Central banks use a target inflation rate to modulate economic growth, money supply and consumption but if inflation gets out of hand it could mean that the target inflation is not under control or that the commitment to a target is not strong enough for political reasons.
The world in general and in the US in particular, have enjoyed low inflation and abundance of goods to choose from for an extended period of time which, can be explained by a combination of sound economic policies and technological change. Technology has also increased productivity, thereby reducing the costs of inputs to a unit of production. Most economies have now flattened productivity gains, nonetheless, inflation is still low?
Analysts are studying and trying to explain a new wave of productivity based on a “shared economy” mainly, based on the effects of international trade and the expansion of other means of production. Some of this added productivity is coming from resources that used to be idle but are now participating in economic growth. A good example of the share economic expansion is Uber’s-- car sharing and Airbnb's--home sharing economic models.
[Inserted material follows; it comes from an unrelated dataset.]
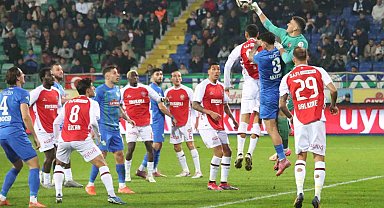 Trendyol Süper Lig: Çaykur Rizespor: 1 - Fatih Karagümrük: 0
Additionally, as the world’s population gets older, another component of change must be included with its impact on changing demographics and how it can exert inflationary pressure in the short and long run. Finally, the effect of globalization is changing traditional economic statistical metrics to include new methods to asses its effects on share economies.
The extended period of low inflation and interest rates is nearing its end as the accumulated effects of the economic variables suggest that expectations in the financial and commodity markets will translate to changes in price levels in the larger economy.
The shift is mostly driven by an increase in investors’ expectations for future inflation. In the United States, prices of inflation-protected bonds imply that investors currently expect consumer prices to rise and the Trump administration policies may be playing a role.
Largess in tax cuts and increased spending will result in hundreds of billions of dollars more in Treasury bonds being issued in the coming years which mean the government will have to pay higher interest rates to find buyers of that debt. As a result, the Feds are facing economic realities unrelated to politics and must apply the traditional equation of [New Debt-Maturing Debt = Primary Deficit + Interest Payments]. In other words, the government must issue new debt to cover the primary deficit which is-- the difference between non-interest spending and revenues—the principal on debt, and interest payments on past debt.
This economic reality is inescapable no matter how Trump massages his economic policies and his rosy scenario messaging to the public.